Collected material>
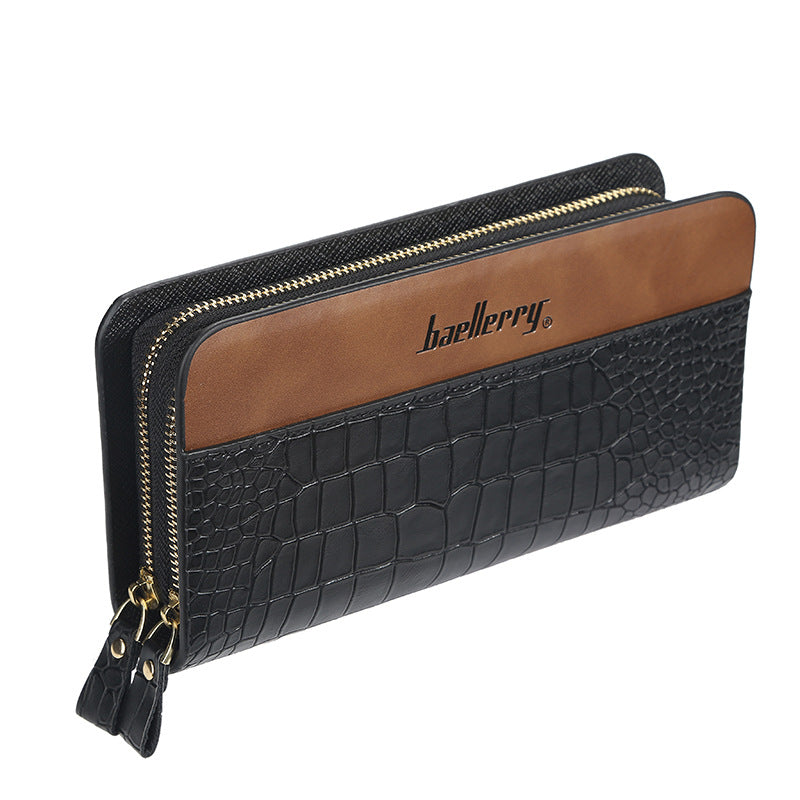 Stylish Men's Plaid Clutch Long Mobile Men's Wallet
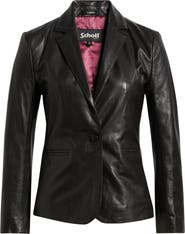Schott NYC Fitted Leather Blazer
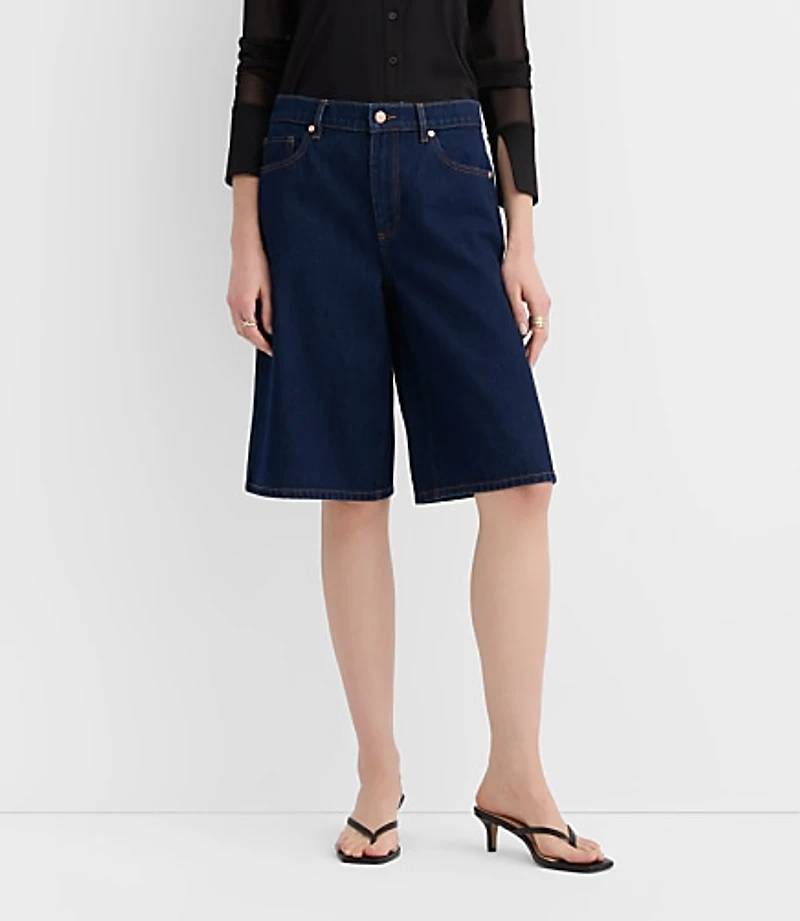 Rivete Curvy High Rise Denim Bermuda Shorts Dark Rinse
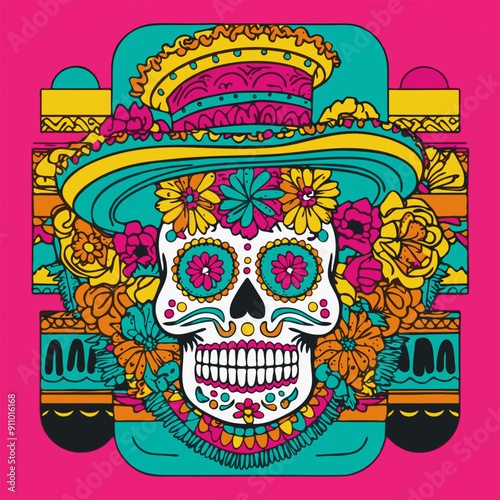 A decorated skull adorned with flowers and a hat stands out against a pink backdrop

Exercise requirements> Please return only the lines from the one holding "Schott NYC Fitted Leather Blazer" through the end of the data, both ends included; do not copy any pictures.

Answer section>
Schott NYC Fitted Leather Blazer
 Rivete Curvy High Rise Denim Bermuda Shorts Dark Rinse
 A decorated skull adorned with flowers and a hat stands out against a pink backdrop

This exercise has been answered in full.